Top of Input material

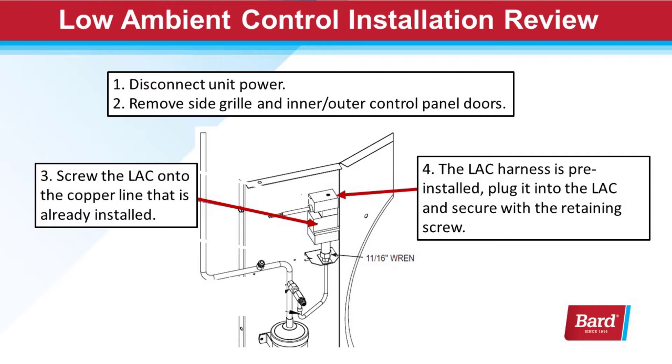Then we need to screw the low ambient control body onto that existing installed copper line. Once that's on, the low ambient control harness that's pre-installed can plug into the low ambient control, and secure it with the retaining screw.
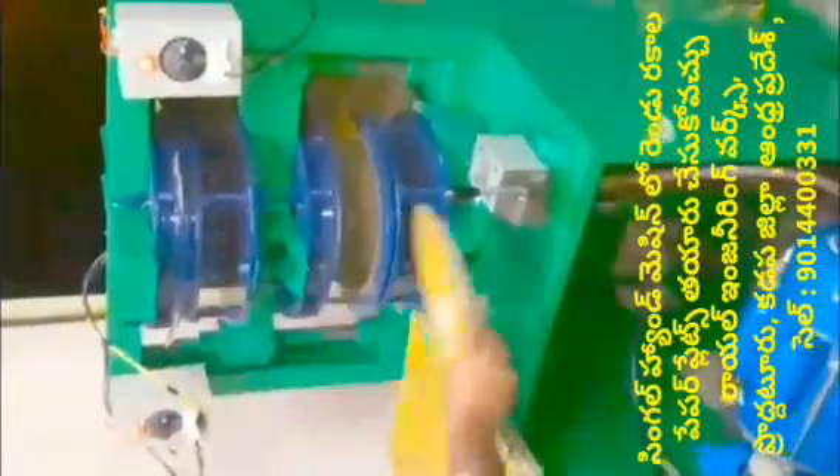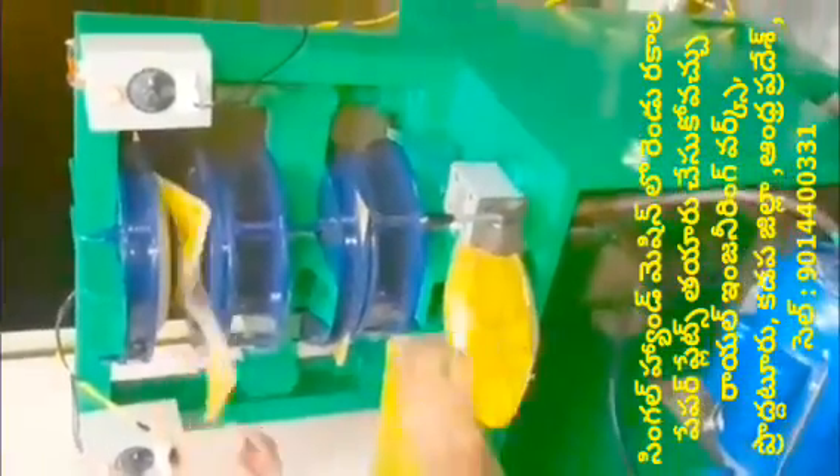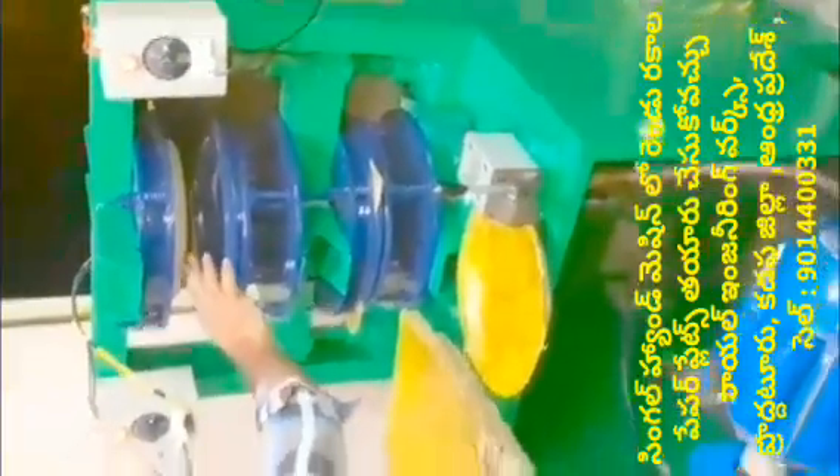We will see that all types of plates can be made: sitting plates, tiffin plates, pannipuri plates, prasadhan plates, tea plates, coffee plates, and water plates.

Bottom of Input material
Top of Input material

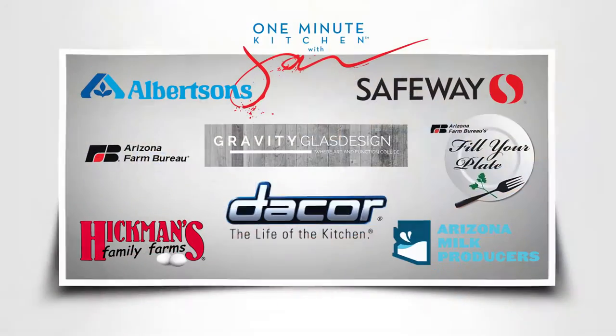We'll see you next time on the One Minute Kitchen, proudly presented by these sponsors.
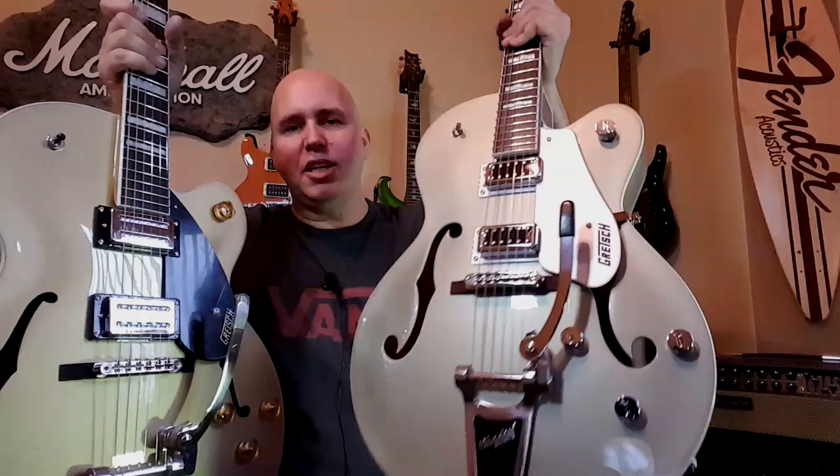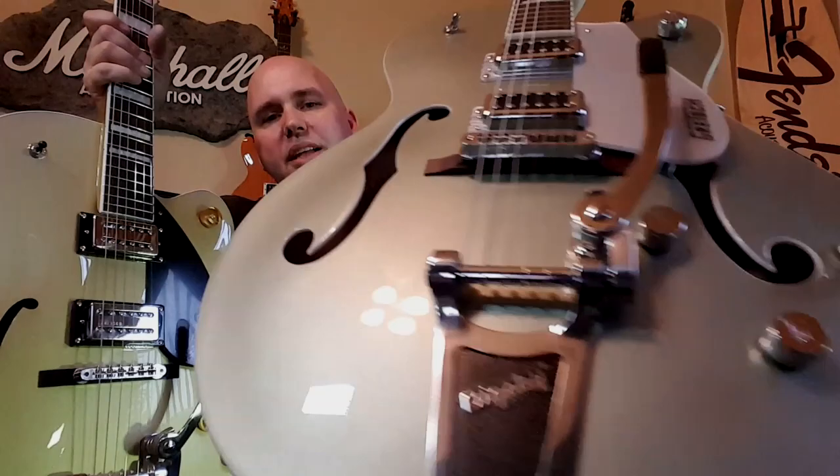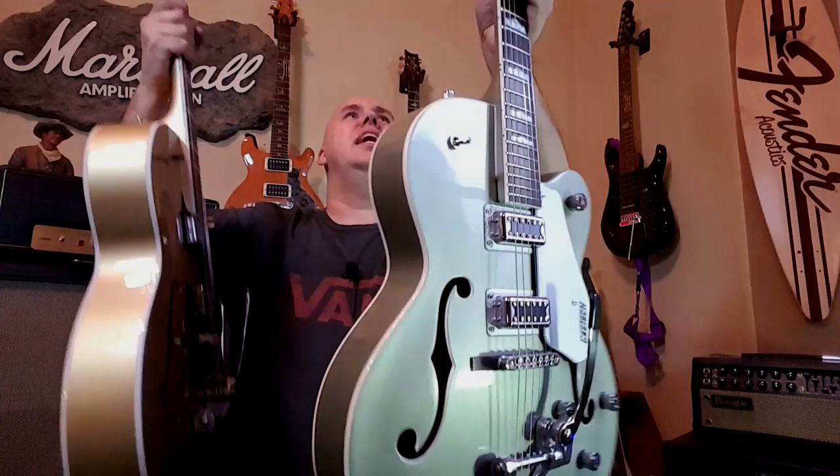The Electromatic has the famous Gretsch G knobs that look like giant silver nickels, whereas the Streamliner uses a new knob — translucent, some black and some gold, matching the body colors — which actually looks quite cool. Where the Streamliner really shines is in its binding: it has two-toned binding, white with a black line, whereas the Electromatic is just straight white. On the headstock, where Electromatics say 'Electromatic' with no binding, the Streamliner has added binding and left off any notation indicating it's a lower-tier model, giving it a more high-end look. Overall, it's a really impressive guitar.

Bottom of Input material

● **Directions for this task**: Each line above that falls between the line with "Then we need" and the line with "We will see" should be printed exactly, together with those two lines, but the pictures should not.

● **Response**:
Then we need to screw the low ambient control body onto that existing installed copper line. Once that's on, the low ambient control harness that's pre-installed can plug into the low ambient control, and secure it with the retaining screw.
We will see that all types of plates can be made: sitting plates, tiffin plates, pannipuri plates, prasadhan plates, tea plates, coffee plates, and water plates.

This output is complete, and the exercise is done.